Though a figure of legend today, Queen Himiko was likely a real person. She was the queen of Yamatai, on the islands that the Chinese called Wa – present-day Japan. In Chinese records, Himiko sent gifts to the Cao Wei kingdom: the northernmost of the three states that divided China between them in the 3rd century A.D. In these records Himiko is dubbed "Queen of Wa (Japan), and friend of Wei" by the Chinese emperor.
Where Himiko’s story gets interesting is in the accusations of sorcery. Chinese sources recount that she bewitched all of the residents of Wa into submitting to her rule, how she lived in a great castle served entirely by female attendants and guards (excepting one man, who brought her food), and rarely left. This mystical reputation is compounded in Japanese records, which identify Himiko with a number of divine beings: as the high shaman of the Japanese sun-goddess Amaterasu, or a shamanic wife of a divine snake. In this latter story, Himiko (identified by the name Yamato-toto-hi-momo-so-bime no Mikoto) is happily married to a clearly divine being, but who only visits at night. She begs him to stay until morning so that she can see him in the sunlight, but he demurs. Eventually, she convinces him, and he tells her that she will see him in her toilet-case, but she must promise not to be shocked at his appearance. The next morning, when she opens the case, there is a beautiful white snake coiled inside. Himiko gasps in alarm, and the god-snake changes back to his human form. He is angry, tells her that she had been warned not to react, and that now he must leave her. Himiko, in her grief, stabs herself.
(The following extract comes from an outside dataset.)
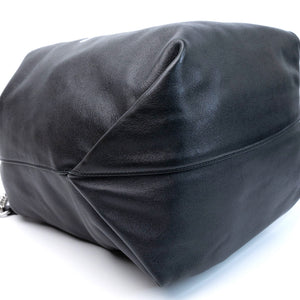 SAINT LAURENT TEDDY BUCKET BAG BLACK LAMBSKIN SHW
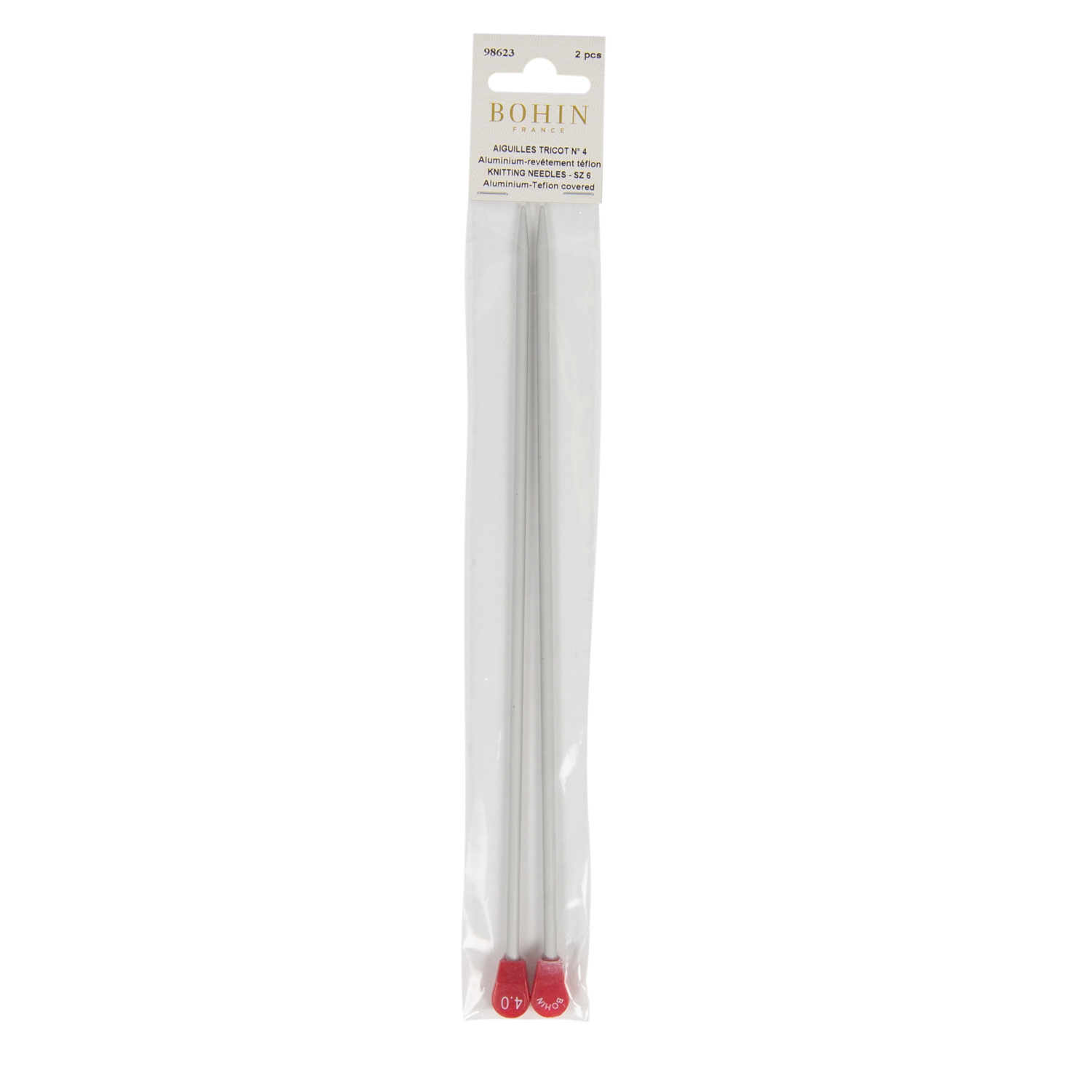 Aiguilles à tricoter en téflon ultra glisse - BG25 25 cm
The wide range of storied surrounding Himiko paint a portrait of an extraordinary woman. She combined the features of a queen and shaman, something which must have disturbed the largely-patriarchal chroniclers in her time. Her story speaks to the almost otherworldly hold that charismatic people can have over us. In popular representations in Japan, she is occasionally a seductress and occasionally a wise old queen, but she remains as popular as ever.